Segment Start: Records for the exercise

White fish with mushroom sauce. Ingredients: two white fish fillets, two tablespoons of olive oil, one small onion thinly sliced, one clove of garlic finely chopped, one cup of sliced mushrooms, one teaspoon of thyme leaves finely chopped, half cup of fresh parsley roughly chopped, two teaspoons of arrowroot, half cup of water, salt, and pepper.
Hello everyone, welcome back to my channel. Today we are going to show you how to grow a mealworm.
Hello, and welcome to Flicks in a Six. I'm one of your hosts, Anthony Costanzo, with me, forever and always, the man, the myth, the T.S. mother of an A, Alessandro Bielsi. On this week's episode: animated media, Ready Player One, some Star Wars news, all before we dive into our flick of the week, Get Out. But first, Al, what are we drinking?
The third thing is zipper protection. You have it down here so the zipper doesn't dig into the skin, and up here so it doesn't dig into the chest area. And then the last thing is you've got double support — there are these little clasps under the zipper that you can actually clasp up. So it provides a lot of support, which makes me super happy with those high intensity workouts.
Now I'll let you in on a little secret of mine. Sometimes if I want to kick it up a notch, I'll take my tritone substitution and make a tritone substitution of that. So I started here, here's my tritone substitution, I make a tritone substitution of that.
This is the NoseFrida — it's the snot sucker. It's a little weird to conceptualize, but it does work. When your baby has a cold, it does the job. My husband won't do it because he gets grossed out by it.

Segment End: Records for the exercise

*Problem to work on*
Retype the lines from the one containing "Now I'll let" through the last line of the records. Leave out everything else.

*Result below*
Now I'll let you in on a little secret of mine. Sometimes if I want to kick it up a notch, I'll take my tritone substitution and make a tritone substitution of that. So I started here, here's my tritone substitution, I make a tritone substitution of that.
This is the NoseFrida — it's the snot sucker. It's a little weird to conceptualize, but it does work. When your baby has a cold, it does the job. My husband won't do it because he gets grossed out by it.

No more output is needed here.